For my part, I recently wrote that I wouldn't mind seeing a precise, surgical American military assault in Burma. I regret that sentiment, maybe. From passages I have visited today at Access to Insight, Buddha offers no comfort to warriors. Most germane to the matter is this from the Sumyatta sutra, ch 42.3 "To Yodhajiva (The Warrior)". Here, a bit of it, quoting Buddha:
When a warrior strives & exerts himself in battle, his mind is already seized, debased, & misdirected by the thought: 'May these beings be struck down or slaughtered or annihilated or destroyed. May they not exist.' If others then strike him down & slay him while he is thus striving & exerting himself in battle, then with the breakup of the body, after death, he is reborn in the hell called the realm of those slain in battle. But if he holds such a view as this: 'When a warrior strives & exerts himself in battle, if others then strike him down & slay him while he is striving & exerting himself in battle, then with the breakup of the body, after death, he is reborn in the company of devas slain in battle,' that is his wrong view. Now, there are two destinations for a person with wrong view, I tell you: either hell or the animal womb."
The Great Michael O'Keefe

Michael O’Keefe, the Oscar-nominated actor (for The Great Santini) who, among much else, did a knock-your-socks-off job with a role during the third season of The West Wing where he played a very noble reporter, plays Barry Grissom in George Clooney’s new film Michael Clayton, which is getting boffo reviews after opening yesterday. In his non-thespian meatlife, O’Keefe is a Zen Priest and member of the Zen Peacemaker Order, which can mightily show in his performances, or not, dependent on the role. Here’s the page on Michael at IMDb. Here, an article from five years ago about O’Keefe’s work teaching meditation in Northern Ireland, posted at the official Michael O'Keefe website, www.michaelokeefe.com . Get hip to Michael O’Keefe, y’all.

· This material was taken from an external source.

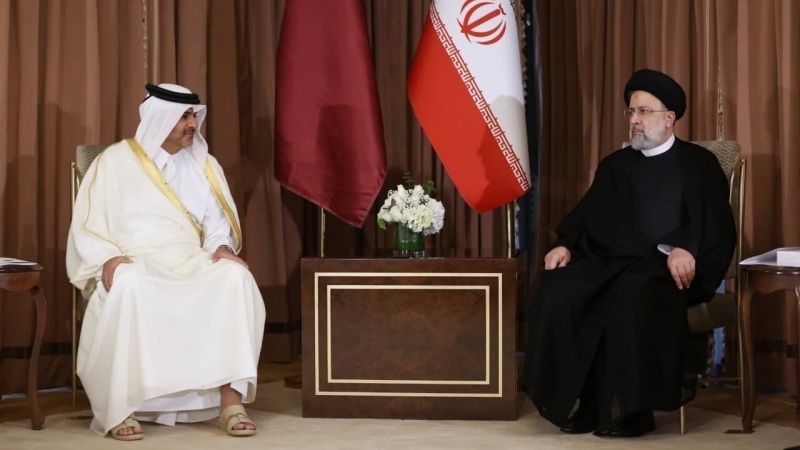 Raisi në takim me kryeministrin e Katarit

Sharon Salzberg pulls a Buddhist full Ginsburg

Interesting bits of news tell us that Sharon Salzberg is in upcoming podcasts from both of Buddhism Online’s quality producers of such, the IDProject and Buddhist Geeks. In baseball terms, Salzberg has converted a double play. In Sunday-morning-talkshow terminology, it’s a full Ginsburg when you get saturation coverage.

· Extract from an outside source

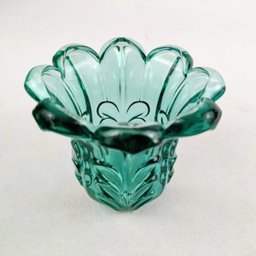 Vasinho Verde Esmeralda 8,5x9cm Vaso Vidro Flor Decoração P - 3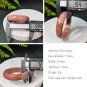 Alxa Agate Bangle 53MM Gradient Pink Oil Painting Style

Ethan Nichtern began his The IDProject newsletter, which I received yesterday, with these words, “This past Wednesday night, our Guest Lecture Series attained new levels of awesomeness with a visit from Sharon Salzberg, one of the foremost meditation teachers in America (soon to be available on The Interdependence Project podcast).”

Vince of Buddhist Geeks put up a picture of fellow Geek Ryan Oelke in his personal blog, Numinous Nonsense, with a caption that began with this sentence: “Ryan doing the voiceover for this week’s Buddhist Geeks episode w/ Sharon Salzberg.” Vince tells us Geek Gwen Bell conducted the interview.

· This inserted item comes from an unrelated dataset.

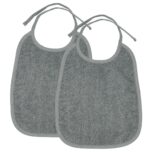 Slabber Meyco Basic Badstof Grijs 2-pack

Could it be that Salzberg has a new book out? From a search at Amazon, I find she has a 30-page book/2 CD/contemplation cards package called Unplug coming out in five months. She might be plugging that. [The title may be a reference to The Matrix idea of joining The Real World OR may focus on the simpler idea of relieving stress OR both. “You gotta unplug, man,” said Kroy to Keanu’s coppertop Neo.] She also has a mass paperback version of her 2004 book Lovingkindness coming out next April, published by Shambhala.

Update: The podcasts have been posted. Here are links to Susan Salzberg's three-part podcast with Buddhist Geeks [#1, #2, #3] and the IDProject's 21st Century Buddhism, "GUEST LECTURE: Interdependence and Lovingkindness."

Eight

As many of us learn, tangential to our study of Ch’an (Chinese Zen), the number eight is considered lucky by those in China and by Chinese whom have emigrated worldwide. Thus it is no weird coincidence that the summer Olympics are set to begin in Beijing on August 8, 2008, at 8:08pm (or, maybe, eight seconds and eight nanoseconds thereafter).